— DATA SHOWN —
[Start of Attachment]

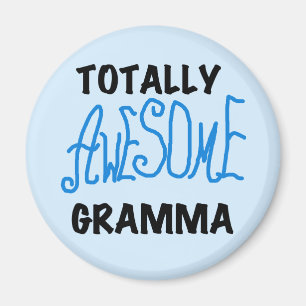 Total fantastische Gramma blaue T-Shirts Geschenke Magnet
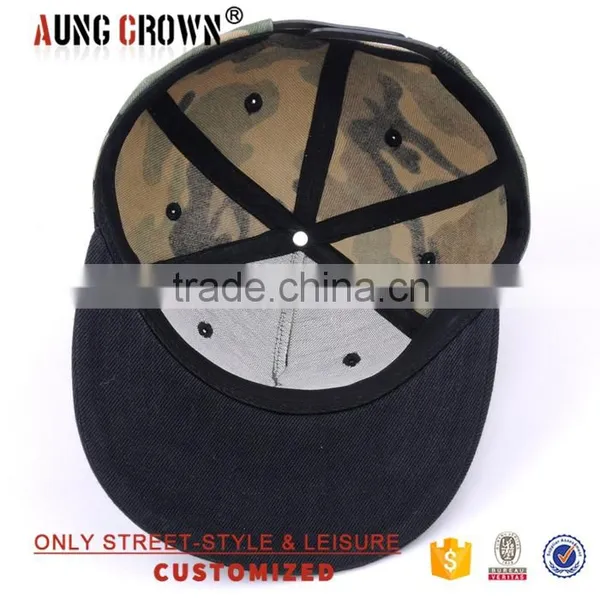 Camo Embroidery Snapback Cap photo-6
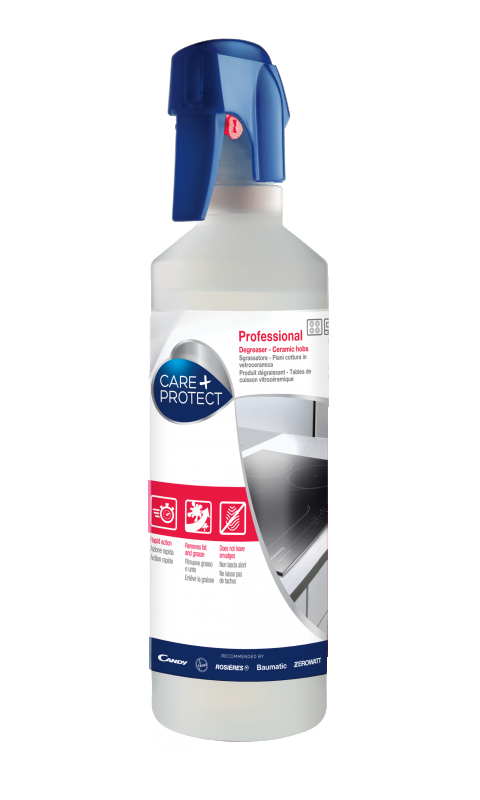 Detergente piani vetroceramica induzione uso quotidiano manutenzione Spray 500ml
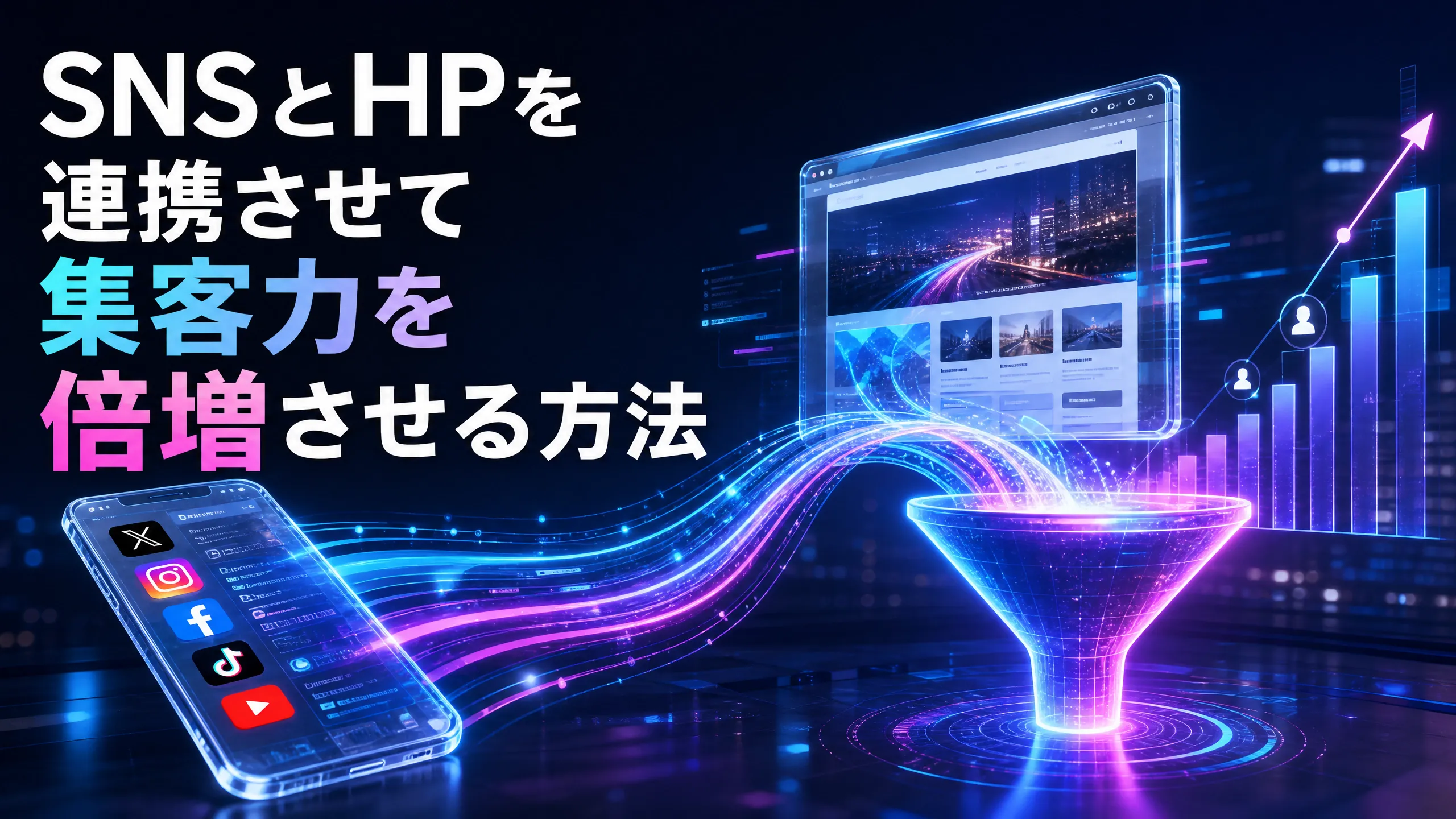 SNSとHPを連携させて集客力を倍増させる方法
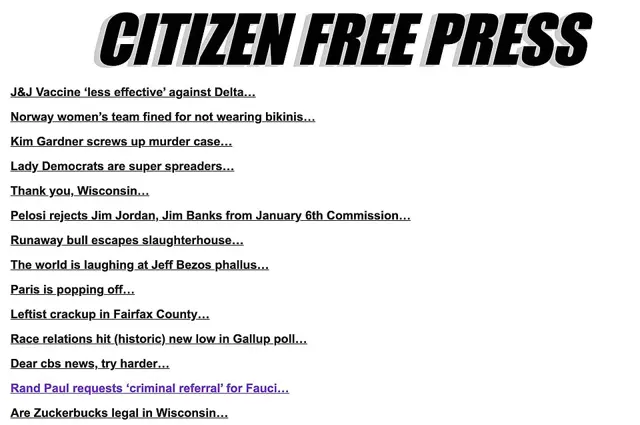 Citizen Free Press — تصویر رکورد ویکی‌داده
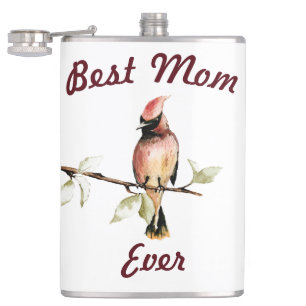 Beste Mutter überhaupt Roter Kardinal-Flasche Flachmann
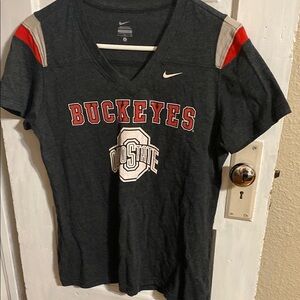 Nike Women's Ohio State Buckeyes Black V-Neck Tee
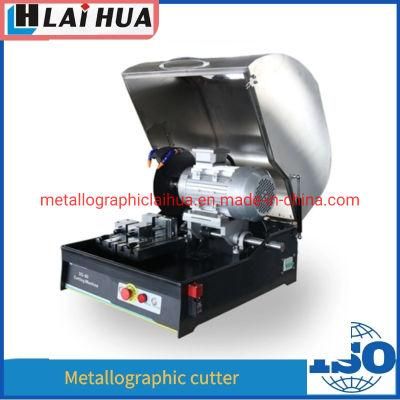 CE Certificated Manual Metallographic Cutting Machinery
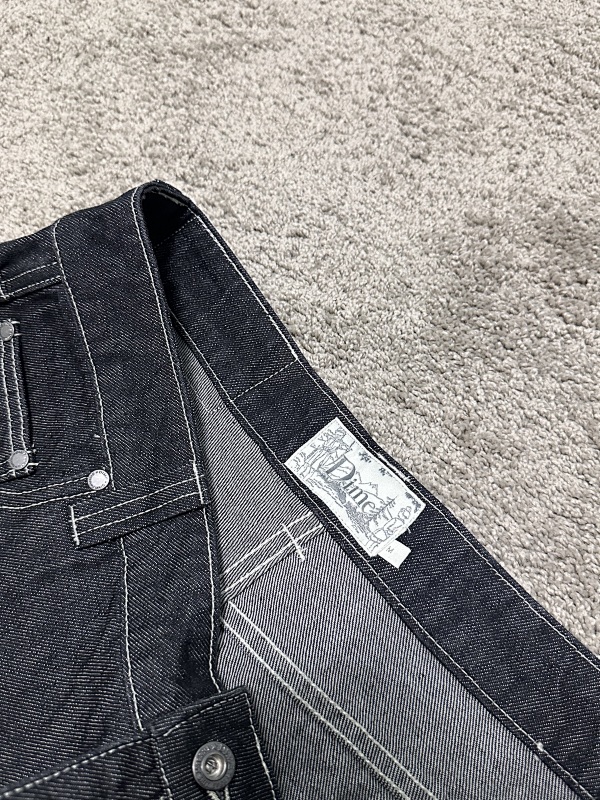 Purple Tag Classic Baggy Denim Pant Black 5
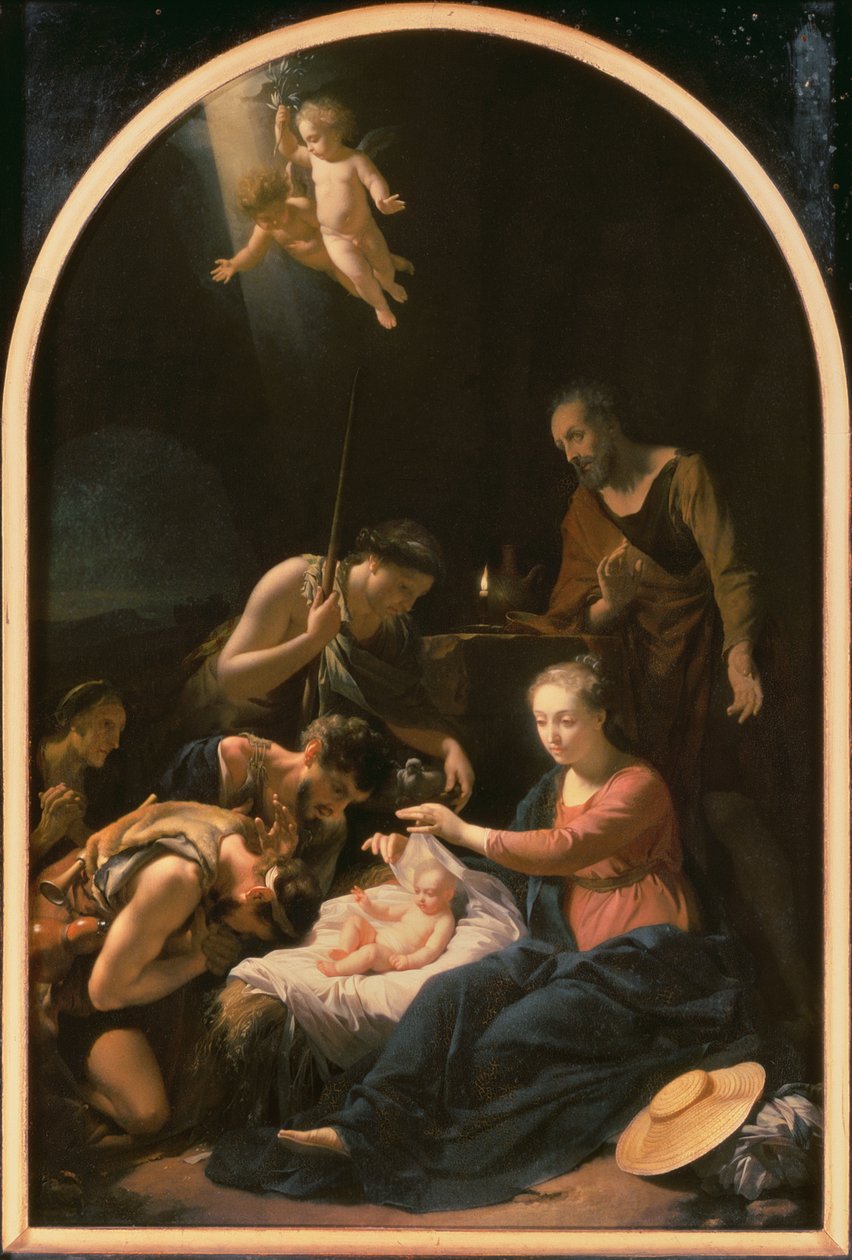 Pásztorok imádása, 1703 alkotó: Adriaan van der Werff
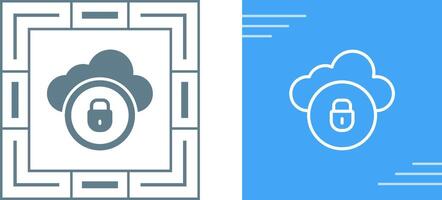 Cloud Security Vector Icon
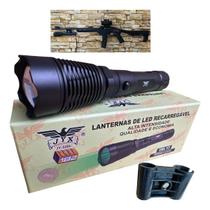 Lanterna Tática LED Verde JYX Super Forte Longo Alcance Zoom Ajustável Alta Intensidade Recarregável Suporte Univejy520L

[End of Attachment]

— WHAT THE TASK ASKS —
Take the line with "Beste Mutter überhaupt" and every line after it through the end of the data, and write only them out exactly, leaving out the pictures.

— RESPONSE AREA —
 Beste Mutter überhaupt Roter Kardinal-Flasche Flachmann
 Nike Women's Ohio State Buckeyes Black V-Neck Tee
 CE Certificated Manual Metallographic Cutting Machinery
 Purple Tag Classic Baggy Denim Pant Black 5
 Pásztorok imádása, 1703 alkotó: Adriaan van der Werff
 Cloud Security Vector Icon
 Lanterna Tática LED Verde JYX Super Forte Longo Alcance Zoom Ajustável Alta Intensidade Recarregável Suporte Univejy520L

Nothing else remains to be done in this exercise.